Variable	Value	Purpose
CUDA_MODULE_LOADING	EAGER	Required. Ensures CUDA modules load at init time
GRK_DEBUG	1–5	Optional. Verbosity: 1=error 2=warn 3=info 4=debug 5=trace. Level ≥ 3 enables plugin verbose output

Plugin Constraints

• Single tile per image (no multi-tile images)
• Precision: 8, 10, 12, or 16 bits per component
• No subsampling (dx = dy = 1)
• Maximum 4 components
• No code block style extensions (cblk_sty = 0)
• Unsigned samples only

Known Issues

• Python bindings: When libgrokj2k_plugin.so is present in build/bin/, the plugin's auto-discovery intercepts Python SWIG binding calls to grk_codec_compress(). Remove or rename the symlink before running Python tests via ctest.

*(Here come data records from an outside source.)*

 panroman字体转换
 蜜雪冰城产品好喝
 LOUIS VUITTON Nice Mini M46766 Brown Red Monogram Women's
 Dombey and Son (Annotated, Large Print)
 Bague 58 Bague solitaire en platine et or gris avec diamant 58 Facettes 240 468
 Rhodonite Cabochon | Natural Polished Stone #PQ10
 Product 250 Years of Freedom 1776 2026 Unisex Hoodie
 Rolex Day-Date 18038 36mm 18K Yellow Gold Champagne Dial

• CUDA cleanup at exit: The executables call grk_deinitialize() before returning from main() to ensure CUDA resources are released before the CUDA runtime unloads. This is handled automatically by grk_compress and grk_decompress; library consumers should call grk_deinitialize() at process exit if using the GPU plugin.

Debugging with VS Code

The repository includes GPU launch configurations in .vscode/launch.json:

Configuration	Description
single compress GPU	Single-file GPU compress
single decompress GPU	Single-file GPU decompress
compress GPU	Batch GPU compress (directory of TIFFs)
decompress GPU	Batch GPU decompress (directory of JP2s)

These configs set CUDA_MODULE_LOADING=EAGER and GRK_DEBUG=3 automatically.